Первая и последняя сцены фильма – диалоги Высоцкого и Маргариты Тереховой (по фильму – Кэтрин, «Женщина, которую он любил»). Ещё в 1992 году киновед А. Блинова заметила, что хотя о любви героя Высоцкого к героине Тереховой мы в фильме много слышим, но мы её не видим. Когда А. Блинова попыталась получить у актрисы ответы на некоторые вопросы, то в ответ услышала:
С Маргаритой Тереховой
«Партнёр?! Это вы о Высоцком?! Он не играл любовь, её сыграть нельзя. (А почему собственно? – М. Ц.) Он нёс её в себе! Высоцкий гений! Разве это не ясно каждому?» [2] «Это было, наверное, одно из самых коротких интервью в истории кинематографа», – заметила в заключение А. Блинова.
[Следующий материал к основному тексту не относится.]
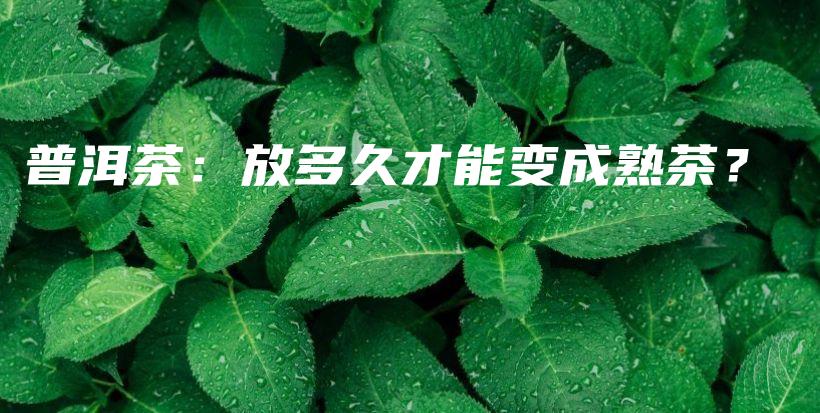 普洱茶：放多久才能變成熟茶？插圖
Лично я знаю одно ещё более короткое – мою собственную беседу с М. Тереховой. На мою просьбу рассказать о съёмках с Высоцким актриса сказала: «Что тут говорить? Я не могу говорить, извините», – и повесила трубку. На самом деле, наверное, М. Терехова права в своём нежелании вспоминать свою роль в той картине, если припомнить, например, последнюю сказанную её героиней фразу в фильме. Кэтрин, везущая Его в аэропорт, заявляет: «Я готова отдать жизнь за то, чтобы ты это сделал». При всей важности сообщения о новом американском самолёте нормальные люди всё же так не разговаривают…
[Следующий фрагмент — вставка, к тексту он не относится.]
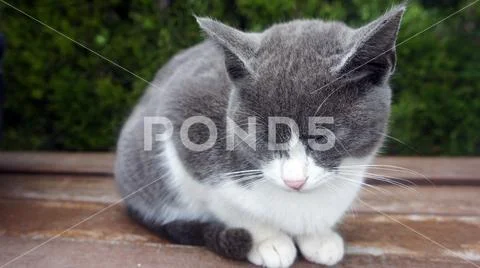 Grey and white cat. Wildlife Photography. Portrait Stock Photos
Ходульность ситуаций, декларацию и вещание вместо разговора не мог не отметить и другой партнёр Высоцкого по фильму – Армен Джигарханян, исполнитель роли итальянца Гвиччарди. На просьбу А. Блиновой высказать своё мнение о Высоцком-актёре тот произносит лишь одну фразу: «В “Четвёртом” – неудачная роль, он там как бы не играет, а просто ходит, произносит, присутствует». [2]
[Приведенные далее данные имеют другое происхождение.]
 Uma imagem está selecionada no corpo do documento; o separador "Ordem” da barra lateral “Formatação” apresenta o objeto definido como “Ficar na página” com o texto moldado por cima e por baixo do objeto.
Вдобавок к неудачному кинематографическому материалу добавились и личные проблемы Высоцкого. В период съёмок фильма его известная болезнь давала неоднократные обострения. Художник по костюмам Ганна Ганевская рассказала мне такой эпизод [3]:
«Высоцкий опаздывал к нам на съёмку, на “Четвёртого”, мы его долго ждали, а потом решили, что что-то произошло, и стали расходиться. Я вышла во двор “Мосфильма” и вижу, как мне навстречу по пустой дорожке идёт Володя. Я как шла, так и продолжала идти, там вполне разойтись можно – кроме нас никого нет. И вдруг я понимаю, что он меня не видит. Он прошёл мимо меня, как мимо пустого места, прошёл с белыми глазами. Я не стала прояснять случившееся, это не моё дело, и влезать в такие ситуации – не в моих привычках. Но этот момент был как-то очень остро мною воспринят, потому что мне стало его очень жаль».
На мой взгляд, одной из самых сильных сцен в картине является диалог, в котором участвуют Он и Председатель комиссии, желающий выяснить детали участия журналиста в гражданской войне в Испании, а также требующий записать на замаскированный магнитофон его беседу с братом Кэтрин, заподозренным в симпатиях к коммунистам. Роль Председателя, зловеще возвышающегося на торце длинного стола по другую сторону от героя Высоцкого, блестяще исполнил Леонид Кулагин. Когда я позвонил артисту и попросил его поделиться воспоминаниями о съёмках, тот ответил: «Вы знаете, для Владимира Семёновича это был неудачный период. Поэтому я снимался отдельно, а он потом – отдельно». Столь понравившаяся мне сцена, как оказалось, была просто смонтирована.
Второму режиссёру картины Валерии Рубцовой не понравилось в фильме очень многое. Причём настолько не понравилось, что долгое время она даже отказывалась говорить на эту тему, а когда всё же согласилась рассказать об истории тех съёмок, то разрешила мне использовать далеко не всё из сказанного о Высоцком.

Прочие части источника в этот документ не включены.